Sunday, August 25, 2013

Ratatouille & A Corn Revelation

If you caught my post from yesterday (Local Loot), you know that I spent some time at the farmer's market this weekend. I got a plethora of fresh veggies and when I laid them all out, I knew I had to craft a ratatouille. Traditionally, ratatouille is a combination of stewed zucchini, eggplant, tomato and garlic. It is sometimes fried and then stewed "low and slow" to give the veggies a melt-in-your-mouth effect. Earlier today, I picked some fresh green and red peppers from my own backyard but unfortunately did not have any eggplant ready to pick. I also had a carton of shiitake mushrooms in my fridge so I threw all of these things together and called it a local harvest ratatouille. This recipe is extremely simple to make; it is a one-pot dish and we all know, you can't get any easier than that!

Please see the end of this ratatouille recipe for a revelation in corn on the cob preparation. Prepare to be amazed!

Local Harvest Ratatouille


4 small zucchini
2 small peppers (any color)
1 handful of grape tomatoes
1/4 of a large sweet onion
1 heaping tablespoon of minced garlic (adjust to your garlic preference)
1 carton of mushrooms 
1 teaspoon of olive oil
2 tablespoons of Italian seasoning
1 teaspoon of garlic salt
Black pepper to taste
Your favorite jarred tomato sauce as an optional topping


 1.) Wash all veggies except for mushrooms. Wipe the mushrooms clean with a paper towel. 
 2.) Coarsely chop onions and peppers. 
 3.) In a large skillet, add olive oil and garlic. Saute over medium heat. Add onions and peppers. Saute this mixture until the vegetables begin to soften.
 4.) Slice grape tomatoes in halves and slice zucchini. If you are using whole mushrooms, slice them as well. 
 5.) Once the peppers and onion mix has started to cook down, add tomatoes, zucchini and mushrooms. 
 6.) Add a few tablespoons of water anytime the veggies begin to stick. If this occurs, just turn the heat down a bit. 
 7.) Simmer the mixture for approximately 15-20 minutes until the veggies are completely tender. 
 8.) Serve warm with a crusty bread. Top with tomato sauce and Parmesan cheese if desired. 
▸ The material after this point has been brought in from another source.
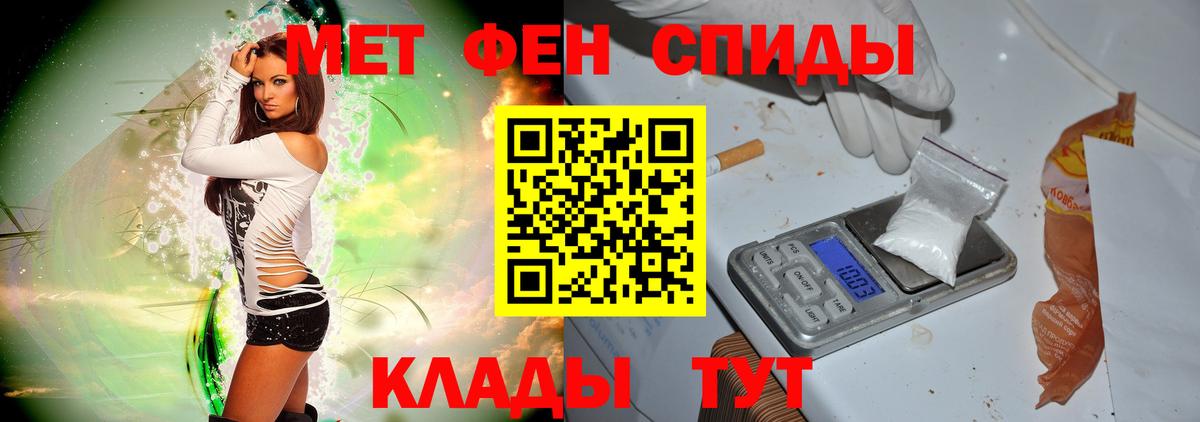 Первитин витя  Вход с VPN  Первитин витя  Кизляр 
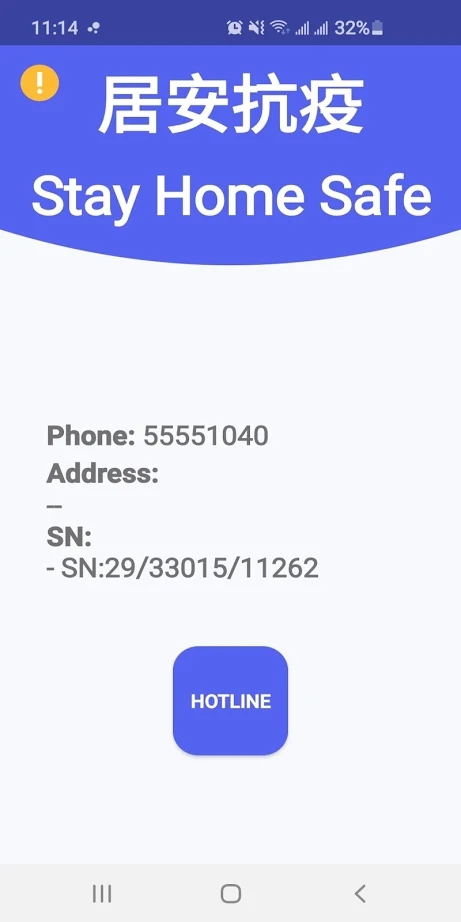 Stay Home Safe v0.8.7安卓版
The "low and slow" cooking technique here allows this dish to develop a robust flavor alongside the perfect tender texture. It is a fantastic way to incorporate your summer produce all in one dish. 
Finished Product 
Finished Product with Sauce and Cheese!

A Corny Revelation

Corn on the cob is the taste of summer. Hot kernels, slathered in butter, sprinkled with Old Bay and bursting with a sweet milk upon each bite; that is precisely what summer taste like to me. The not so glamourous side to eating this lovely summertime delight is the preparation. Sitting on the back porch, ripping through layers and layers of husk while showers of silks fall to the ground; this is what corn shucking looks like. I had a lazy Sunday and the last thing I wanted to do was shuck corn. In an effort to avoid the labor involved with indulging in my favorite summertime food, I turned to the answer for all our burning questions: google. I googled "cooking corn in the husk" and was dumbfounded when I realized that I could bake my corn in the oven. I have grilled corn the husk but I never thought to bake it. 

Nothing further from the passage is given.